Well, I wanted to make my shop entry doors " http://lumberjocks.com/Koa/blog " out of Aromatic Cedar, but I have concerns about the long term stability of the timber. Is it tough enough to withstand the abuse entry doors go through on a day to day basic? I think I will be ok with the stability, has anyone had any experience using it to build windows and doors? Any help or input anyone can offer would be appreciated!


----------



## WDHLT15 (Aug 15, 2011)

It is very stable wood, and that is good for doors. It is soft, however, and may get dinged up more than say oak or maple. However, many doors have been made of pine, and it is softer, too. Just design them to be stout, maybe a little thicker, and I bet that they will be beautiful.


----------



## PRGDesigns (Jan 25, 2012)

You might also consider a sandwich type construction of alternating layers to get thickness you need for the doors. Think of a sheet of Plywood on steroids.


----------



## lwllms (Jun 1, 2009)

I made a swing set of aromatic cedar for my daughter when she was little. She's 26 now and I took it down a couple years ago. It spent years outside and was still solid when I took it down. It had a play house above the swing set and the ladder took a lot of abuse over the years. It was still solid but looked pretty rough.


----------



## Koa (Aug 22, 2011)

WOW . . . 
Thank you all for you feed back, GREAT INPUT. If anyone else has any experience using aromatic cedar I would love to here from you.
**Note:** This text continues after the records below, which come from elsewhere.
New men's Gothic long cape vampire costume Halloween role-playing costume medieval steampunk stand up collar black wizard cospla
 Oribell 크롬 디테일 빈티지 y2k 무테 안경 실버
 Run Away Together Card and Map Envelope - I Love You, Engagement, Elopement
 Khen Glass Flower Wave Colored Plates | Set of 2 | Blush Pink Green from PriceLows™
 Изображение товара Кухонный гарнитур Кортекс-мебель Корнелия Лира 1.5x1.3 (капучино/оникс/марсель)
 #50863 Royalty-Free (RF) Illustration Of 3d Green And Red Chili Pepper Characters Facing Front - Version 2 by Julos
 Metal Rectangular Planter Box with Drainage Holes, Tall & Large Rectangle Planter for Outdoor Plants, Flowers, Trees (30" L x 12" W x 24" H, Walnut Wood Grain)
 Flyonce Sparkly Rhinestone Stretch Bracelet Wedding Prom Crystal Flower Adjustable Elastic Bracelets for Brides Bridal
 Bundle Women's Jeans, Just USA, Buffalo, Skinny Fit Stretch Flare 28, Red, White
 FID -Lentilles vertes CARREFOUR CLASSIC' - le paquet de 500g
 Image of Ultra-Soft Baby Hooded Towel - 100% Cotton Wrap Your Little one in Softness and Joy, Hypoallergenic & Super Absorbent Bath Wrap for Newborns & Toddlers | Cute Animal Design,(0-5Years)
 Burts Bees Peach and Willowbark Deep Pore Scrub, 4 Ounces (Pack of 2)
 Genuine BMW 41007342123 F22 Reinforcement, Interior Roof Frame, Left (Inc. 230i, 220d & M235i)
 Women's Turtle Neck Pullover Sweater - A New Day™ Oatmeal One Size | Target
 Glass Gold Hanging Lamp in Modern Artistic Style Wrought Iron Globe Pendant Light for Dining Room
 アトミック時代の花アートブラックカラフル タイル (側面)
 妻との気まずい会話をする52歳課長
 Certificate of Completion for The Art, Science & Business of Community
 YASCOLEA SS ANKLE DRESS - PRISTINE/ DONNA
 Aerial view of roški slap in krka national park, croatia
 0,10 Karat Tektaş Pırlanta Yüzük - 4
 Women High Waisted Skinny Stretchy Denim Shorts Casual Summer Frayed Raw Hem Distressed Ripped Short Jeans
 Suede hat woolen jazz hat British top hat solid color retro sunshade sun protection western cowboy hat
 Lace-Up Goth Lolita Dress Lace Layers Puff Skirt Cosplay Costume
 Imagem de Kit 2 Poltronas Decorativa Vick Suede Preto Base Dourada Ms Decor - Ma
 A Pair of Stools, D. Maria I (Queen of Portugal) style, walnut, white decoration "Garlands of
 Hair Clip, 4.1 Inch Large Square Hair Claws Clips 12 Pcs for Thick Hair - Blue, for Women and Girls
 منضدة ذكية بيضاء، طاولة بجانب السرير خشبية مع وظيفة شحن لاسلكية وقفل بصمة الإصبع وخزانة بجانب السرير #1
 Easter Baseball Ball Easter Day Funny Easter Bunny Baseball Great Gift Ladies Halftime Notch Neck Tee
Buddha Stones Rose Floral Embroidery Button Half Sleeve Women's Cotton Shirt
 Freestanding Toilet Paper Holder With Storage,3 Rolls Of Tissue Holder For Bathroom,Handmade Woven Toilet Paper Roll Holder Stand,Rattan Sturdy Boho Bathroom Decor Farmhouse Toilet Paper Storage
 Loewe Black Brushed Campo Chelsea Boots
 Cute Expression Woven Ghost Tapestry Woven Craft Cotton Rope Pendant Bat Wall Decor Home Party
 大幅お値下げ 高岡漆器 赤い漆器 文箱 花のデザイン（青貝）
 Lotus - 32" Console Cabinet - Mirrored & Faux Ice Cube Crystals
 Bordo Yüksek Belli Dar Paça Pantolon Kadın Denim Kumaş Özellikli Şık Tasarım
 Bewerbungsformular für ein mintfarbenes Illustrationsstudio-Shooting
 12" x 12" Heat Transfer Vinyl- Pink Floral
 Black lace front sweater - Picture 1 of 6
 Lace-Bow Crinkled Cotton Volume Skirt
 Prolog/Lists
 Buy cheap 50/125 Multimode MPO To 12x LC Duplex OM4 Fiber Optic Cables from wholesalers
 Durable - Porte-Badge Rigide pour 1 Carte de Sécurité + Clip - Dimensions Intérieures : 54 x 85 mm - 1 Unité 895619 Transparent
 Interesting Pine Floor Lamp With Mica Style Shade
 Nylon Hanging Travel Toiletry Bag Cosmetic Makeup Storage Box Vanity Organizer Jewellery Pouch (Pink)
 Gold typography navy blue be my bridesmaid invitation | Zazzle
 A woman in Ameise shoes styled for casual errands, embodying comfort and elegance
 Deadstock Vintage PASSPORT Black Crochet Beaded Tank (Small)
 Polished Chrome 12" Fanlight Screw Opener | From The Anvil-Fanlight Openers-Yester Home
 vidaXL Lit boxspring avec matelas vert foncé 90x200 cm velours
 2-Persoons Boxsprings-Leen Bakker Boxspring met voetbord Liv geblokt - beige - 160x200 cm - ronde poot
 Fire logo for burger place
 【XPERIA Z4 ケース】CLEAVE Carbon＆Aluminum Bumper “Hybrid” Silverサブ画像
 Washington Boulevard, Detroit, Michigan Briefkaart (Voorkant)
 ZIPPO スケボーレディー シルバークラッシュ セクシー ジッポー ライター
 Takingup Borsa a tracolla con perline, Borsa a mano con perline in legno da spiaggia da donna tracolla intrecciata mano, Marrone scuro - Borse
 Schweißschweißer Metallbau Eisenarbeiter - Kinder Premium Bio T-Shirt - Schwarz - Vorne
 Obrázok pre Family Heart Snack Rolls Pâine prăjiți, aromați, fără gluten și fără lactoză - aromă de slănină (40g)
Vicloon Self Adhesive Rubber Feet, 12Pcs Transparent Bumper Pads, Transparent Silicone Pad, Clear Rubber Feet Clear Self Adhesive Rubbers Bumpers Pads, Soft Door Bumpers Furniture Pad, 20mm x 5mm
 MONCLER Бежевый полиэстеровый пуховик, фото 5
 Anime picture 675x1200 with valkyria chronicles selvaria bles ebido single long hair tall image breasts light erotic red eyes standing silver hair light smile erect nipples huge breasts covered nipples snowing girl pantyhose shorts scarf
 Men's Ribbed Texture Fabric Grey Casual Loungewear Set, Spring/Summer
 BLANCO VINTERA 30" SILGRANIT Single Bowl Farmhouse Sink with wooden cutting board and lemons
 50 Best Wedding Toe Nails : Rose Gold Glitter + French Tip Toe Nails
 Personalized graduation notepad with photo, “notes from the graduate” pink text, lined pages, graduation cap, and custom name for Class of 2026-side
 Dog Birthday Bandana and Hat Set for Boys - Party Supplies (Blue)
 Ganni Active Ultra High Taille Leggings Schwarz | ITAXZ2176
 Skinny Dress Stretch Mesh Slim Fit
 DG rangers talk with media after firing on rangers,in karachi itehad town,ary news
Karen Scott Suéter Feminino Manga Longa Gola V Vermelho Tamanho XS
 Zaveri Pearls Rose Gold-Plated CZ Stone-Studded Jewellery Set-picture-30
I think I will began the planning possess for the doors. HOPE they turn out ok . . . I will post pictures when I get them completed. . . .

Thank You


----------



## bondogaposis (Dec 18, 2011)

It trends to have a lot of knots that will cause problems w/ the joinery, no doubt. I'm sure it could be done though.


----------



## HalDougherty (Jul 15, 2009)

I made my shop door from 1X6" poplar boards. The outside frame is made from two box frames with a center spacer that I glued together after fitting the panels. The joints at each corner alternate so there's support after they are glued together. I cut a 3/8" rabbet all around the interior, then made 1X6" boards with an alternate rabbit on the top and bottom and a matching 3/8" rabbit on the ends. I made the outside from poplar only and on the inside, I put 1X6 Eastern red cedar boards. Then I glued the two 1" frames together to make a door with floating panels on each side. It was a one day job and all of it was cut out with a skill saw so there's a few places where the fit isn't perfect, but it's a door to an unheated garage. It's functional and looks better than the rest of the garage.


----------